### What the task requires
Restate all the lines below word for word, but omit the pictures.

### Stored data
^^^^^^^^

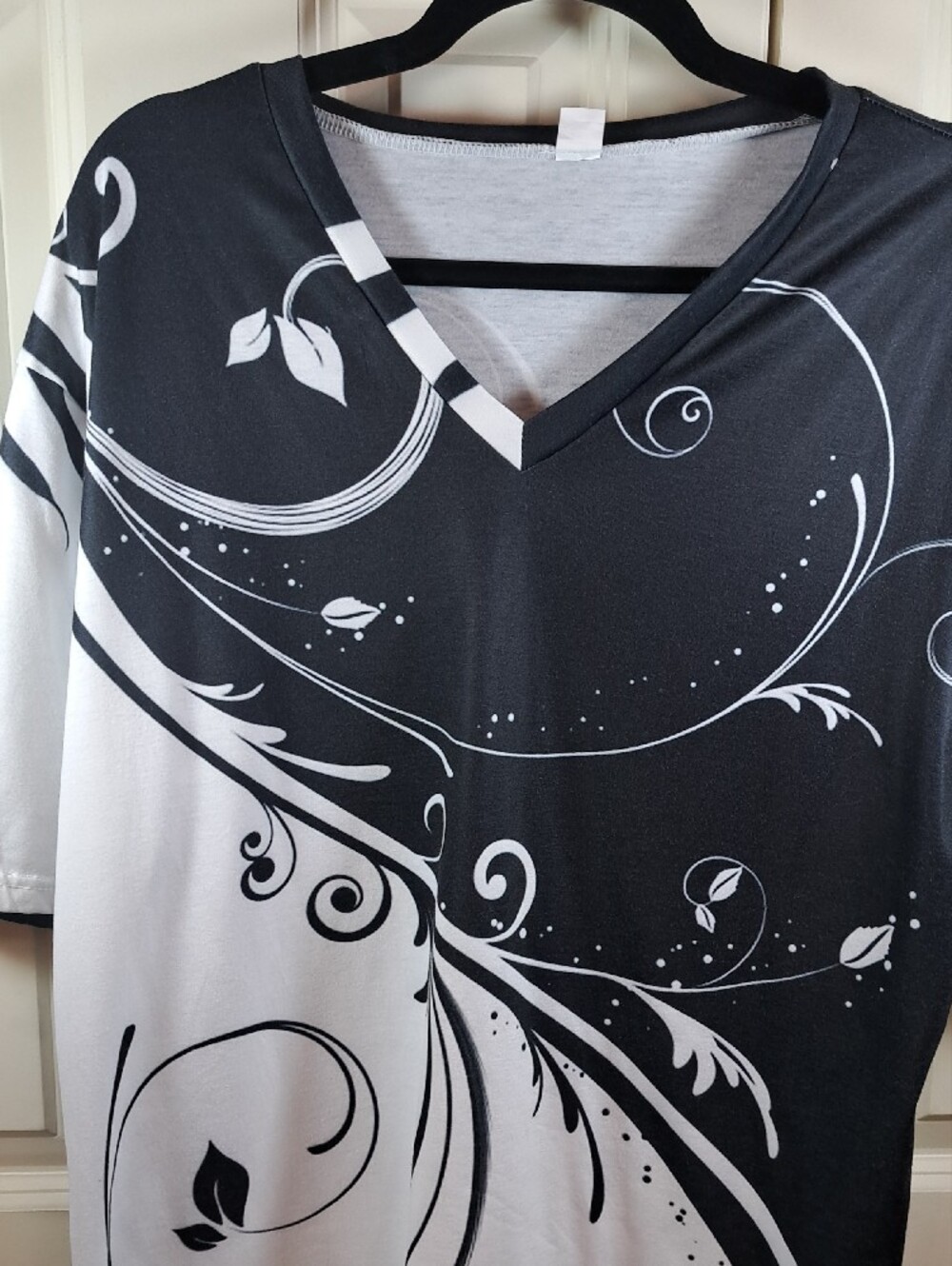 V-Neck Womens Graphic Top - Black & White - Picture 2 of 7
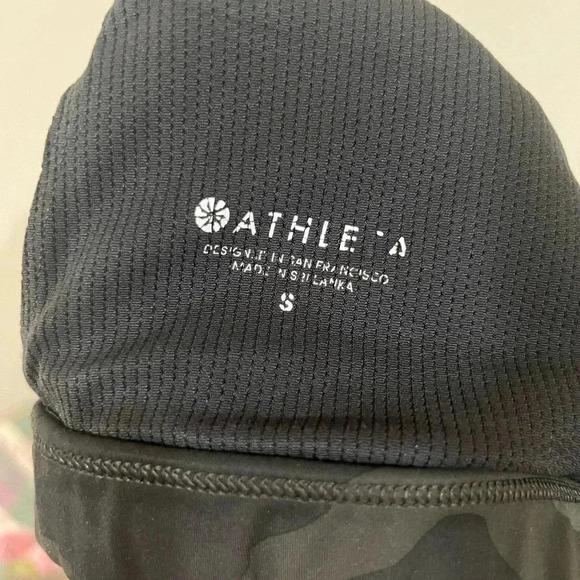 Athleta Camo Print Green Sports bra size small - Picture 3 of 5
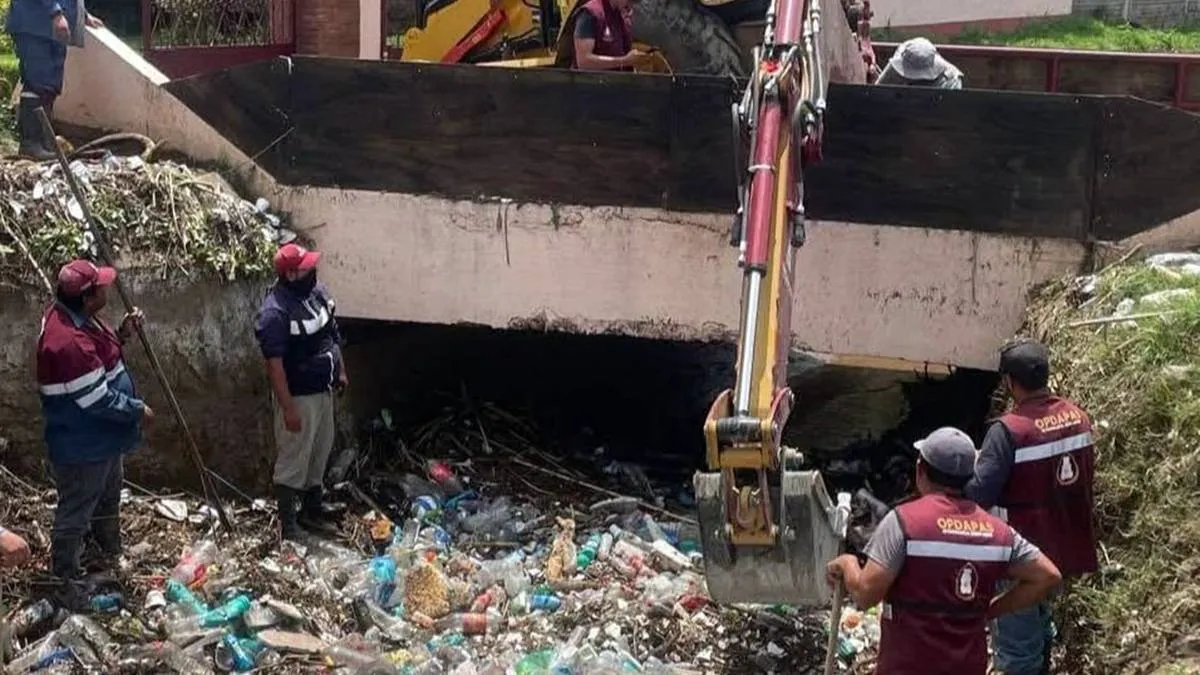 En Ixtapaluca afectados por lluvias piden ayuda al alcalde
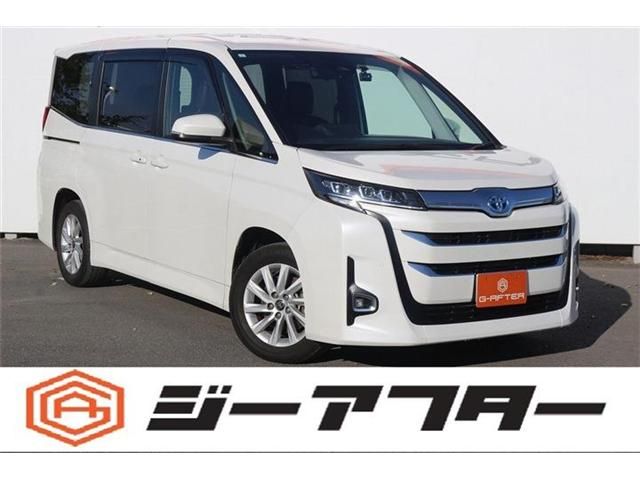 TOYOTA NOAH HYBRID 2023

^^^^^^^^

### Solution to this task
 V-Neck Womens Graphic Top - Black & White - Picture 2 of 7
 Athleta Camo Print Green Sports bra size small - Picture 3 of 5
 En Ixtapaluca afectados por lluvias piden ayuda al alcalde
 TOYOTA NOAH HYBRID 2023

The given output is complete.